Rulfo no tenía esa estampa. No era un escritor de tinta en sangre, ni mostraba el atuendo característico del oficio. La historia universal de la literatura muestra ejemplos parecidos, aunque tal vez con otros aderezos. No tuvo una formación que pueda considerarse espectacular, quebrada sin dudas por las dificultades que la violencia guerrera imponía por los tiempos de su niñez y de su juventud, malogrando la vida de su padre y luego viendo morir bien temprano a su madre. Rulfo es hijo de orfelinato y de custodias abueleras. Y es también hijo de desarraigos. Y producto genuino de la ruralía jalisciense. Lo urbano no le hacía tilín.

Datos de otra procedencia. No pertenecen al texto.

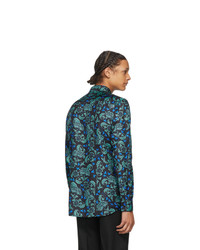 Givenchy Black And Blue Silk Floral Shirt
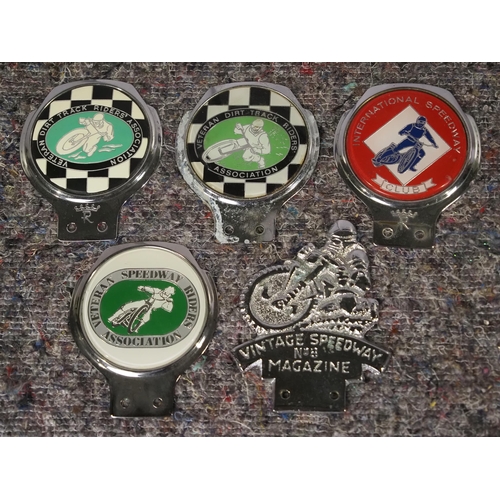 603 - 5 Speedway car badges - Veteran Dirt Track Riders Association and International Speedway Club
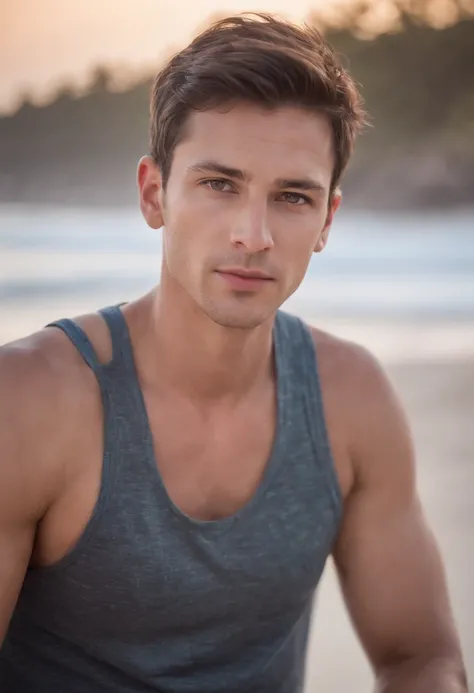 A masculine young man in his early 30s, dark brown hair , light hazel eyes, masculine energy, sitting on the beach in a tank top and swim shorts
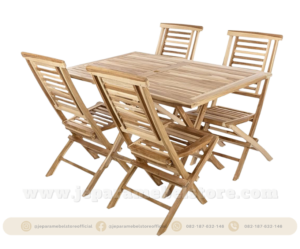 Set Meja Outdoor Kotak Jati 4 Kursi Lipat Toko Mebel Online Jepara Mebel Store www.jeparamebelstore.com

Bueno, formación sí tuvo. Lecturas específicas las hay, comprobadas. Pero, le negaron más de una vez la posibilidad de llegar a las aulas de institutos y universidades. El ambiente académico no quiso darle entrada nunca. Solitario, cambiaba frecuentemente de ciudad aunque no de ropero. El ajuar le era escaso como escasas les fueron las monedas para divertirse o leer a voluntad, si acaso tuvo esta manía entre sus deberes. Pero sí. Se afirma que leyó a Faulkner, a Joyce, a Virginia Woolf, y alguno asegura que se aventuró con la lectura de autores nórdicos y escandinavos que ni antes ni hoy estuvieron en las planillas lectoriales de sus colegas. Y colegas tampoco tuvo en demasía, aunque los discípulos sobrarían tiempo más tarde. Tantos fueron, aunque tan pocos los que cogieron las señas clave de su genialidad.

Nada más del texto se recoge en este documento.